__What you are asked to do__.
As the lines appear below, please set them down exactly, starting at the first and finishing with the one containing "Porto's Portuguese coach".

__Records to process__.
»»

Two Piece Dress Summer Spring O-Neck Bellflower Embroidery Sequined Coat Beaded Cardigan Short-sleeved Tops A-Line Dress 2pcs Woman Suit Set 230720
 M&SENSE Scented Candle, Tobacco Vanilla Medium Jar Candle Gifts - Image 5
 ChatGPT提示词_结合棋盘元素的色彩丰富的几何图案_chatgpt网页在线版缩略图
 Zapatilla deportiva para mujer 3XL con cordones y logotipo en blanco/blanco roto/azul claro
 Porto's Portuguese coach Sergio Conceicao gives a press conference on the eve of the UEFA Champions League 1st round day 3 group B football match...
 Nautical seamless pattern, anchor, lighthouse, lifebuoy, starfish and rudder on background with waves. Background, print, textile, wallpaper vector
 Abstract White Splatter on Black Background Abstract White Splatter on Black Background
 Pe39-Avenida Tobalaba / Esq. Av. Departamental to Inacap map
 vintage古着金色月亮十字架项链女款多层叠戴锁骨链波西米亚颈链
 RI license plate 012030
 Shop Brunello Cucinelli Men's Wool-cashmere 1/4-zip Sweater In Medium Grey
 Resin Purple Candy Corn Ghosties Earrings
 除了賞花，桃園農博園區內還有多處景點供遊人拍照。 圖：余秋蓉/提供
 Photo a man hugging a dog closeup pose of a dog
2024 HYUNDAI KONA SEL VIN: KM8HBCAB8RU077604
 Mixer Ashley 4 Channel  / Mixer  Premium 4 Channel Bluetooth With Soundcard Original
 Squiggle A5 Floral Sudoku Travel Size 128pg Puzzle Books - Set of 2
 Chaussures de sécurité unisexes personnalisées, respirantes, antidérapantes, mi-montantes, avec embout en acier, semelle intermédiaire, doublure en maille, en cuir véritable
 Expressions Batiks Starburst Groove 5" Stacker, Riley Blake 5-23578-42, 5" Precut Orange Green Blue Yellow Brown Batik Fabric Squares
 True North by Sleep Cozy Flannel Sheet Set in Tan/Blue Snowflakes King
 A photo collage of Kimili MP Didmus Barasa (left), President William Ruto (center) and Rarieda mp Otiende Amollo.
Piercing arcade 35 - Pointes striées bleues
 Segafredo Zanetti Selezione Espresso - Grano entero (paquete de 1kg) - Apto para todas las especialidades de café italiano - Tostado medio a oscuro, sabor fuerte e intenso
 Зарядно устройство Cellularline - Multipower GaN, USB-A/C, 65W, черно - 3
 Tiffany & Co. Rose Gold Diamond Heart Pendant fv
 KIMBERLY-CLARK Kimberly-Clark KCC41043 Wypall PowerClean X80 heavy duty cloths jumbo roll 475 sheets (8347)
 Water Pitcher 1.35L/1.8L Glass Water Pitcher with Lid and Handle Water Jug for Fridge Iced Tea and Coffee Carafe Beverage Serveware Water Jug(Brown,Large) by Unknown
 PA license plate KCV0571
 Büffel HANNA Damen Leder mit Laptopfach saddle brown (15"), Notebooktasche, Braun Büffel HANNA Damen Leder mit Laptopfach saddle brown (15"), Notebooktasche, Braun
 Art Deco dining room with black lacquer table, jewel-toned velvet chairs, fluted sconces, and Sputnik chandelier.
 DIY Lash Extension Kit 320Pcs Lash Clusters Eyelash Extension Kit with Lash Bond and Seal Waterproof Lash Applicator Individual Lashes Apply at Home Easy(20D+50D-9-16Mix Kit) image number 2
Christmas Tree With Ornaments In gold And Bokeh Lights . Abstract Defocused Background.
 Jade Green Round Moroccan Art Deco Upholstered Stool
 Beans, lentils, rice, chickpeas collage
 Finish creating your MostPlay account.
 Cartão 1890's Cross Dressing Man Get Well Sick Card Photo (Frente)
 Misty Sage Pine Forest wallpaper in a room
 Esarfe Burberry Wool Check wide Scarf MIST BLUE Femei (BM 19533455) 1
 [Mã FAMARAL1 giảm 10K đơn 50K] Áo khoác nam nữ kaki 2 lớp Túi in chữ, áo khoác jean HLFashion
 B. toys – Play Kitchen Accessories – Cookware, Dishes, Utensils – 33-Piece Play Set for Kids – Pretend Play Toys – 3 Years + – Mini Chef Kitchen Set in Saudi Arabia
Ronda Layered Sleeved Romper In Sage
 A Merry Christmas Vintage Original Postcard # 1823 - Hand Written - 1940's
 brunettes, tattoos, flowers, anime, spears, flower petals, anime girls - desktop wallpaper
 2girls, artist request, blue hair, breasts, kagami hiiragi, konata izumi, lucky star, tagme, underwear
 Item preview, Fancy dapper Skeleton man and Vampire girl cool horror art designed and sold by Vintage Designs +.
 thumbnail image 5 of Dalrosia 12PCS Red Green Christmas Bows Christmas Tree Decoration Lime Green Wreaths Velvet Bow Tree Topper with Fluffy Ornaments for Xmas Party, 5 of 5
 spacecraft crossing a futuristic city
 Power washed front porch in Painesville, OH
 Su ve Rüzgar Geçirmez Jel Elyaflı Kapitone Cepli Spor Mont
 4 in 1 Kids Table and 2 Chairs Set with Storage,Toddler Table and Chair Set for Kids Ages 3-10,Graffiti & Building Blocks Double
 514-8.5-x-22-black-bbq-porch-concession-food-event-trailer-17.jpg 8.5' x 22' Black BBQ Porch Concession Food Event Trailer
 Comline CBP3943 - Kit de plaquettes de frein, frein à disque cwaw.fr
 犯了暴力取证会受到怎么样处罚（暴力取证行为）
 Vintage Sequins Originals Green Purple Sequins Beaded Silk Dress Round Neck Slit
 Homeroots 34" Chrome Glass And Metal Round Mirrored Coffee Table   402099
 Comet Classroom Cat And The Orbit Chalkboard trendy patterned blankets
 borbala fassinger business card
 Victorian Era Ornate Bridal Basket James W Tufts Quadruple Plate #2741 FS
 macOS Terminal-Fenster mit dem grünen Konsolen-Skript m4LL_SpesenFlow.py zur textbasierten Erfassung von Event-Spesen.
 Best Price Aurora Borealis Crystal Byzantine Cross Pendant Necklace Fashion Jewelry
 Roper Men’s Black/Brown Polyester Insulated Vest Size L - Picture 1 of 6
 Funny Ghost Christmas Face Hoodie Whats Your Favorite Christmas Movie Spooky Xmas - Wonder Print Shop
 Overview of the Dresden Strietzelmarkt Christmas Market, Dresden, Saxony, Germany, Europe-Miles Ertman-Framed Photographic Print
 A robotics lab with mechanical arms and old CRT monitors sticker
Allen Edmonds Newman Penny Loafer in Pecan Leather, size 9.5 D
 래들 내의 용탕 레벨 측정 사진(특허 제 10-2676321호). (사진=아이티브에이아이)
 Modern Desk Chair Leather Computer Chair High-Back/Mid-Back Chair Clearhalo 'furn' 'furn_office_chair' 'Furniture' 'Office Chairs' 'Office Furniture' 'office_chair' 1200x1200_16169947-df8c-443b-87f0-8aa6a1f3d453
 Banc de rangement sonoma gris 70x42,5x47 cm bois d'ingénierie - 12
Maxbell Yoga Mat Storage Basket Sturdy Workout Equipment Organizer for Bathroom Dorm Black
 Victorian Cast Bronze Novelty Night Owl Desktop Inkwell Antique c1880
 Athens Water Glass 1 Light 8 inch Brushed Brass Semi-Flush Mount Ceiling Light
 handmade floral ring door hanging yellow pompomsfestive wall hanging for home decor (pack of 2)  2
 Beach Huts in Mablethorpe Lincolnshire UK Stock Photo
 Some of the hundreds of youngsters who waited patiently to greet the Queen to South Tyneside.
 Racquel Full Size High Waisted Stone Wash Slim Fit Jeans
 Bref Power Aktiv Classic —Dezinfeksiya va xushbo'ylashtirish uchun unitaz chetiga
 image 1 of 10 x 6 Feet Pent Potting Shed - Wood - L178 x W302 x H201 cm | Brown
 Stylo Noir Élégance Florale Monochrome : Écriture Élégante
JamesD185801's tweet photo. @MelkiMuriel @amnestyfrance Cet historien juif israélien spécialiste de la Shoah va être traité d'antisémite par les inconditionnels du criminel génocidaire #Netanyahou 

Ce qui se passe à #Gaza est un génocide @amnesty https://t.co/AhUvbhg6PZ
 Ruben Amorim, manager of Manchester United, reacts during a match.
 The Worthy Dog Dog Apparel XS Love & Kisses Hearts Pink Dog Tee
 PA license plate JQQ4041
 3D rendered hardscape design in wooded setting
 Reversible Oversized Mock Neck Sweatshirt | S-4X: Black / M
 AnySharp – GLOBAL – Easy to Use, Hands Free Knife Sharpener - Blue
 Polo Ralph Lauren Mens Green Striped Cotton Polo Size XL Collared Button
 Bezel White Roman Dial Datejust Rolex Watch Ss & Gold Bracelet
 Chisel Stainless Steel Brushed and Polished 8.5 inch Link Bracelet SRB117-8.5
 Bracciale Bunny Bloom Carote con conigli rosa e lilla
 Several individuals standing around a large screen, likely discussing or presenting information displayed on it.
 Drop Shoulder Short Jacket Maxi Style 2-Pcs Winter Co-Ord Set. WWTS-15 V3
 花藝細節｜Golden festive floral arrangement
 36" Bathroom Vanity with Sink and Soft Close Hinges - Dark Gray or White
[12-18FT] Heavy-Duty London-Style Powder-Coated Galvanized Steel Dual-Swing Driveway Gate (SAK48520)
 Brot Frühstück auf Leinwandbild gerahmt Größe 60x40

««

__Expected answer__.
Two Piece Dress Summer Spring O-Neck Bellflower Embroidery Sequined Coat Beaded Cardigan Short-sleeved Tops A-Line Dress 2pcs Woman Suit Set 230720
 M&SENSE Scented Candle, Tobacco Vanilla Medium Jar Candle Gifts - Image 5
 ChatGPT提示词_结合棋盘元素的色彩丰富的几何图案_chatgpt网页在线版缩略图
 Zapatilla deportiva para mujer 3XL con cordones y logotipo en blanco/blanco roto/azul claro
 Porto's Portuguese coach Sergio Conceicao gives a press conference on the eve of the UEFA Champions League 1st round day 3 group B football match...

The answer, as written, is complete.